**Task goal**
All lines from the one holding "Lin Jia Pu Zi" through the last line of the entries below must be transcribed exactly, and no others. Pictures do not go in.

(Stored data entries)
- Opening Delimiter -

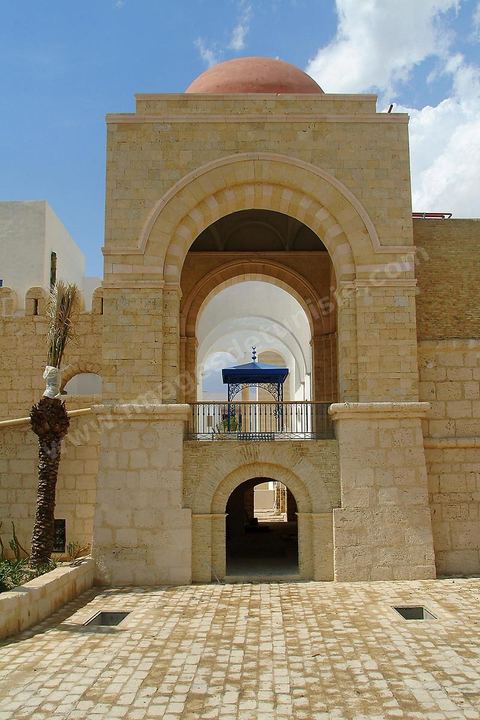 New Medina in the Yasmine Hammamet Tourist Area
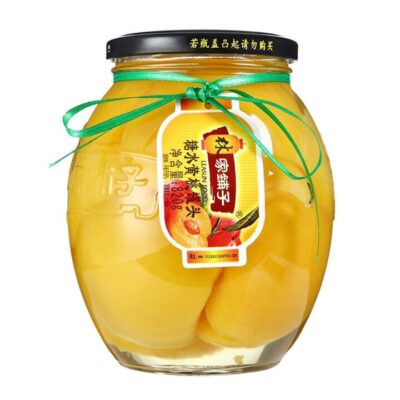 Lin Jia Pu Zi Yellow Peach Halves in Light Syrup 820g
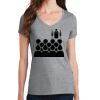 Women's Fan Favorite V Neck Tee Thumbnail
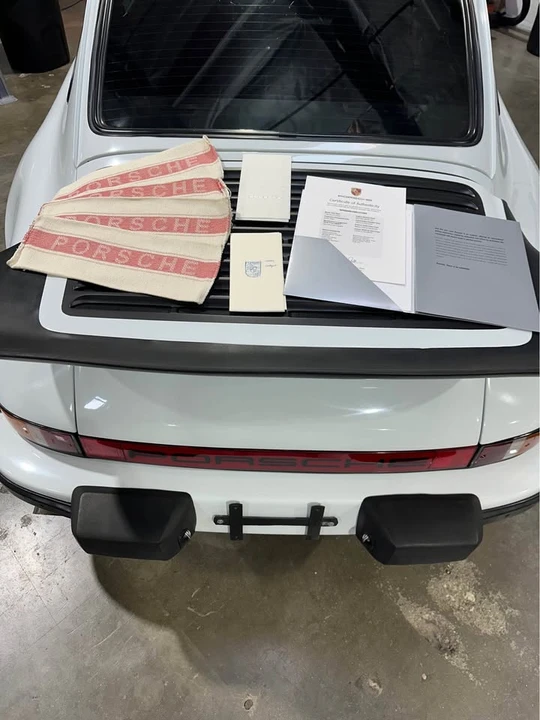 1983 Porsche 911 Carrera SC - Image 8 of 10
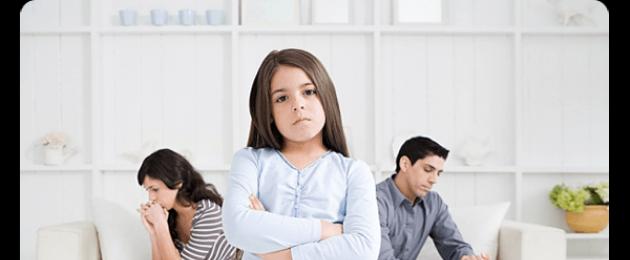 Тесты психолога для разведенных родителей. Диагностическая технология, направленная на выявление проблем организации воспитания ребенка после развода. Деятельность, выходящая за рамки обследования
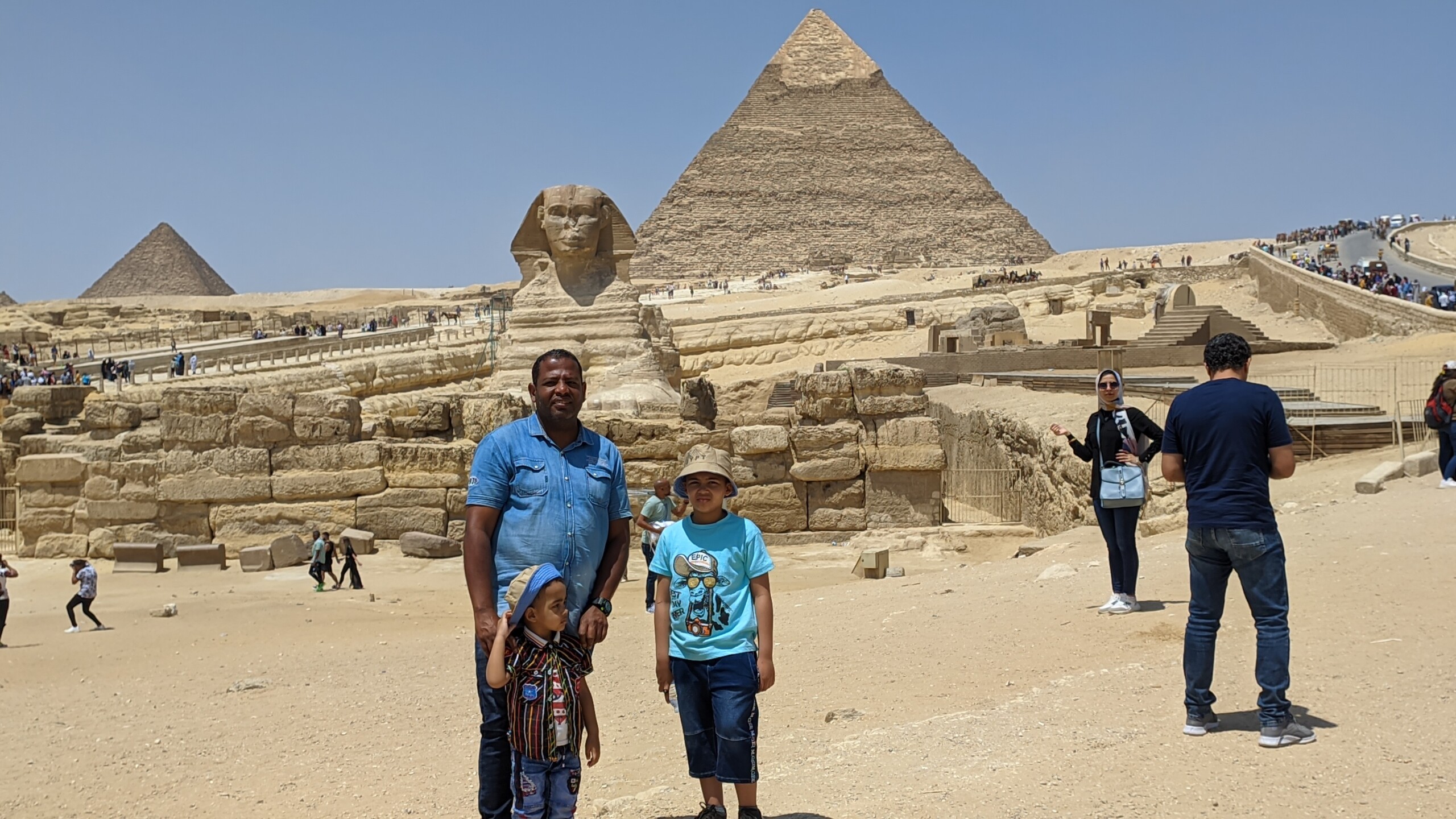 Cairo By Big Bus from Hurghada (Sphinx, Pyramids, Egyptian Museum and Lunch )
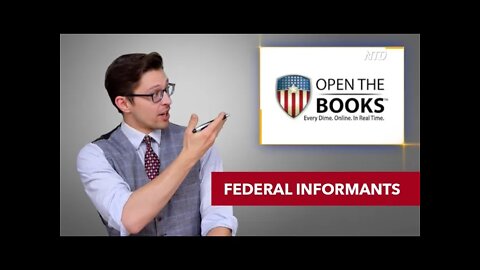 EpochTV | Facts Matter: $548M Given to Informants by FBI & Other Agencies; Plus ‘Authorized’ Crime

- Closing Delimiter -

**Your response**
 Lin Jia Pu Zi Yellow Peach Halves in Light Syrup 820g
 Women's Fan Favorite V Neck Tee Thumbnail
 1983 Porsche 911 Carrera SC - Image 8 of 10
 Тесты психолога для разведенных родителей. Диагностическая технология, направленная на выявление проблем организации воспитания ребенка после развода. Деятельность, выходящая за рамки обследования
 Cairo By Big Bus from Hurghada (Sphinx, Pyramids, Egyptian Museum and Lunch )
 EpochTV | Facts Matter: $548M Given to Informants by FBI & Other Agencies; Plus ‘Authorized’ Crime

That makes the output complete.